“The Making of the English Working Class”by E.P. Thompson, 1963 Part 5 Sketch: (pgs. 781 to 939 w/ Afterword)
Thompson comes to the culmination of working class
consciousness, which he dates in May 1832, during the passing of the Reform Bill
by the House of Lords in a situation of revolutionary crisis throughout England. To Thompson, this consciousness consists of 1, an awareness of the identity of interests
of every working class strata, 2, subsequent class opposition to the
landlords and capitalists and 3, a vision of a new cooperative society. The Reform Bill events occurred during or prior to the European
revolutions of 1830, 1832, 1848, 1870, 1917, 1919, the formation of the British
Labour Party, the 1926 English General Strike or the creation of the NHS in
1948. He thinks it continued into the
1960s when he published this book.
Education has its Benefits |
Thompson looks into the intellectual culture of popular
Radicalism at this time, which was mostly made up of auto-didacts. In 1825 the Combination Acts were repealed
and an open ferment of ideas percolated through society - reading aloud to the
illiterate, study groups, ballads, theater performances, cartoons, satire and
parody, articles, books, discussions and speeches. Jargon had to be explained or avoided, as
technical phrases like “universal suffrage” might mean to the uninitiated “that
all must suffer if any suffer.” Or
calling for a “provisional government” might mean “a government that provides
provisions.” (We still have this problem
today on the left … archaic language, symbols or odd historical usages that do
not communicate.) 2 of 3 working people
might be able to read a bit at this point. Through these methods radical ideas
permeated into the smallest rural village.

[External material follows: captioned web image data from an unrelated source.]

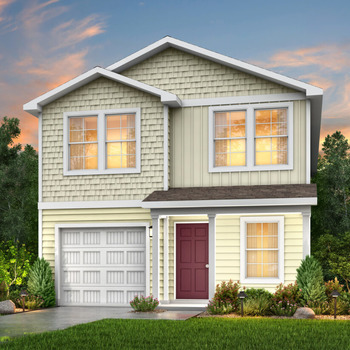 Large square redwood 1 18 nhc 2421802 b1 scheme g
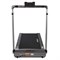 Беговая дорожка EVO FITNESS X500 - фото 14132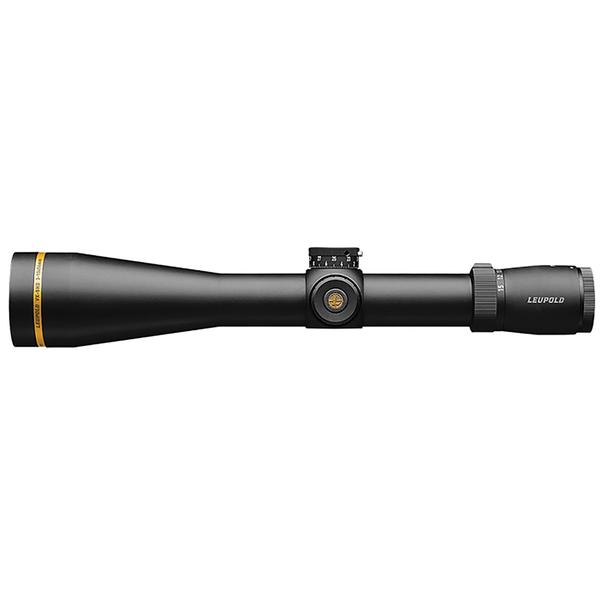 VX-5HD 3-15x56mm FireDot Duplex Reticle Scope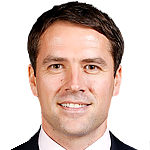 欧文深度分析:恩佐公开表达不满之际,切尔西更衣室氛围或将保持稳定。 体育新闻 欧文深度分析:恩佐公开表达不满之际,切尔西更衣室氛围或将保持稳定。 体育新闻 欧文深度分析:恩佐公开表达不满之际,切尔西更衣室氛围或将保持稳定。 体育新闻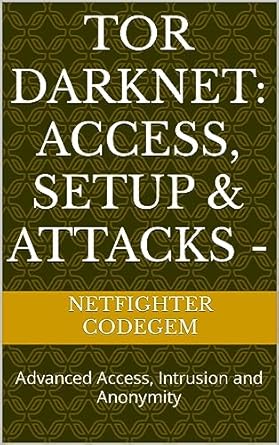 tor browser darknet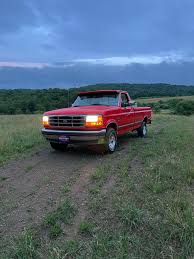 Image result for Dark Toreador Red 2018 Fleet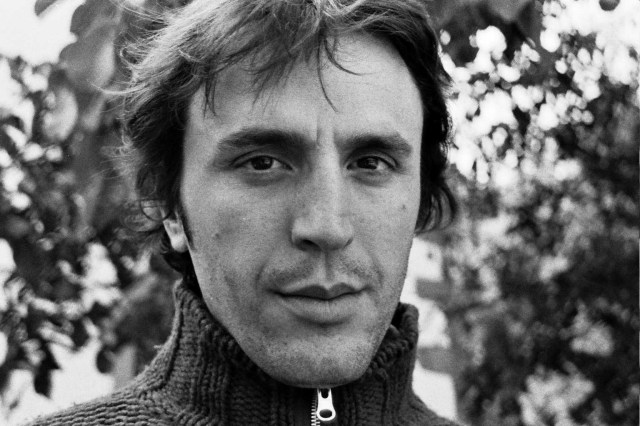 Autosave-File vom d-lab2/3 der AgfaPhoto GmbH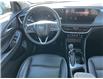 2024 Buick Encore GX Avenir (Stk: CT145A) in High River - Image 9 of 19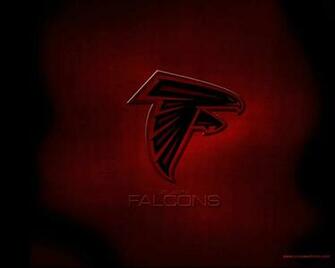Your Favorite Nfc South Division Nfl Football Team The Atlanta Falcons
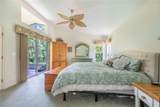 112 Monaco Drive - Photo 15
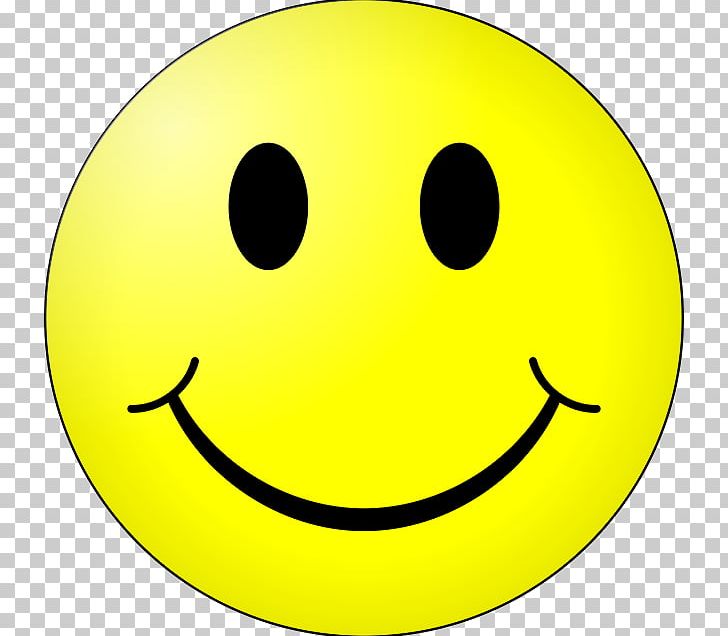 Smiley Emoticon PNG, Clipart, Acid House, Blog, Circle, Computer Icons, Desktop Wallpaper Free PNG Download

The Government raised the price of transfer stamps through
the 1891 Stamp Act in order to inhibit the mailing or approval of radical
publications, so an underground movement of ‘unstamped’ publications was
created. Punishment under the “Vagrant
Act” led to instances like this, where 2 workers were tied to the ‘whipping
post’ for distributing unstamped Radical publications. (Sound familiar?) Eventually parody and
satire were legalized in 1820 when the Government’s Crown prosecutors failed to
prove its case in a jury trial. A
chuckling crowd of ‘mechaniks’ might congregate around a London print shop
showing the latest lampoon of the ruling elite by Cruikshank. This period
resulted in ‘freedom of the press’ becoming widespread throughout England, at
least in practice, a direct result of the labor ferment in the country.
Thompson identifies two Radical publics in 1832 – the
working class one and the middle class one.
At all times they fought for dominance and this situation still exists. Thompson
goes into a long analysis of Cobbett, whose journalism and speeches had a major
impact on workers for years, but who never actually came up with a consistent
theory. He really harked back to a time
of small producers, of sturdy, individual ‘free-born Englishmen,’ of rural life. Yet Thompson considers him a representative
of the working classes. Cobbett spoke
directly to the working class, sometimes using his own experience. He avoided flowery language, impressive
diction and high-flown illusions, perhaps an early example for Orwell. This is unlike more academic Radical writers
like Hazlitt, who peppered his writings with literary references, really
directing his blows in the language of the middle and upper classes.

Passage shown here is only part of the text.